- Born: April 1970 (age 56) Taiwan
- Education: University of California, Berkeley (undergrad), Massachusetts Institute of Technology (graduate)
- Awards: Fellow of the IEEE
- Scientific career
- Fields: Computer architecture, reconfigurable computing, high-level synthesis
- Workplaces: Carnegie Mellon University
- Doctoral advisor: Arvind
- Website: users.ece.cmu.edu/~jhoe

= James Hoe =

Taiwanese-American academic

James Hoe is a Taiwanese-American professor of Electrical and Computer Engineering at Carnegie Mellon University (CMU). He is interested in many aspects of computer architecture and digital hardware design, including the specific areas of field-programmable gate array (FPGA) architecture for computing; digital signal processor (DSP) hardware; and high-level hardware design and synthesis. Professor Hoe’s current research focus is on devising a new FPGA architecture for power efficient, high-performance computing. His research group is working on developing an FPGA runtime environment that incorporates partial reconfiguration, virtualization, and protection features to manage an FPGA as a dynamically sharable multitasking compute resource.

==Academic biography==
He received his B.S. in EECS from the University of California, Berkeley in 1992 and Ph.D. in EECS from Massachusetts Institute of Technology (MIT) in 2000. Since 2000, he has been with the Electrical and Computer Engineering Department of Carnegie Mellon University. He became a full professor in 2009 and an IEEE Fellow in 2013. He was the Associate Head of the Electrical and Computer Engineering Department at Carnegie Mellon University from 2009 to 2014.

==Resesarch==
He has worked on a wide range of research projects at Carnegie Mellon University. He currently leads the Crossroads 3D-FPGA Academic Research Center to investigate a new programmable hardware data-nexus lying at the heart of the server and operating over data ‘on the move’ between network, traditional compute, and storage elements. His efforts towards researching FPGA Architecture for Computing include the CoRAM FPGA computing abstraction, the Pigasus Network function acceleration, Service-Oriented Memory Architecture and Programmable and Dynamic Computing Deployment projects. Since 2003, he has been a faculty member in the SPIRAL project researching domain-specific hardware synthesis for digital signal processing. Between 2005 and 2011, his group worked on the Protoflex technology to accelerate the functional-only simulation using a multithreaded implementation of the SPARC V9 ISA in field-programmable gate arrays (FPGAs). Between 2002 and 2006, he worked on sampling-based performance simulation of computer systems (SMARTS) that uses functional-only simulation to keep caches warmed up between detailed simulation phases.
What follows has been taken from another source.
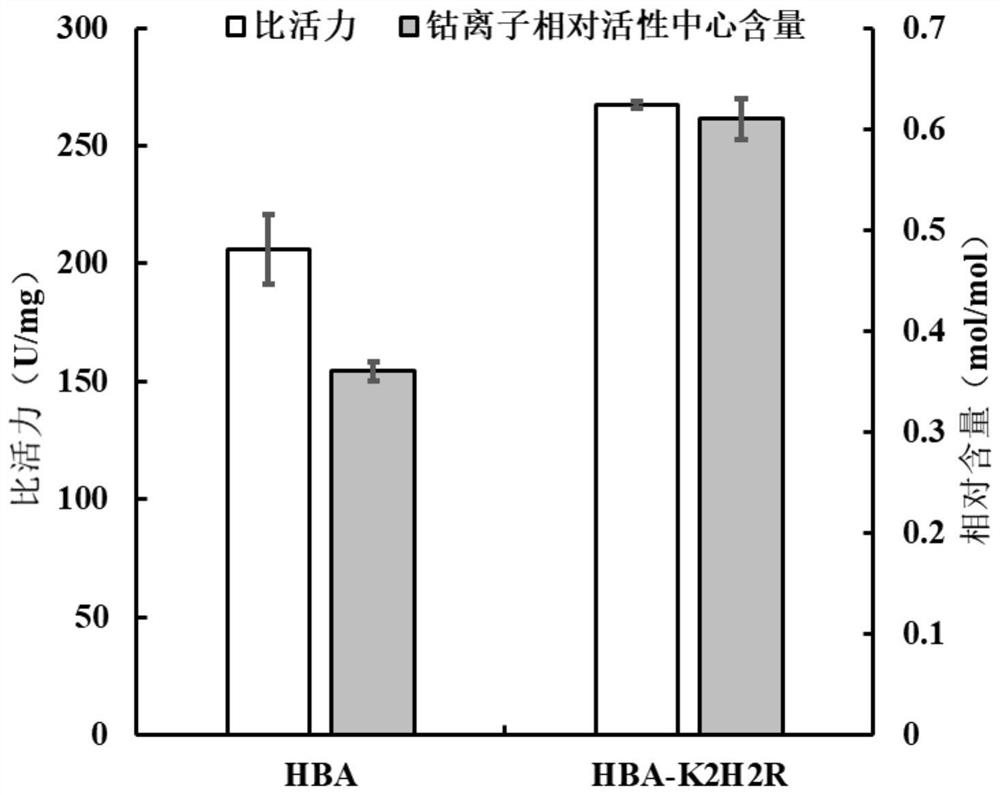 Nitrile hydratase lysine mutant HBA-K2H2R, coding gene and application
While a graduate student at MIT, he initially worked on high-performance system area network for computer clusters (StarT-Jr and Start-X). For his Ph.D. thesis, he worked on high-level synthesis from hardware descriptions based on term rewriting systems (TRS). This synthesis system is the basis of the Bluespec SystemVerilog programming language and compiler, a Haskell extended to for chip design and electronic design automation, by Bluespec, Inc.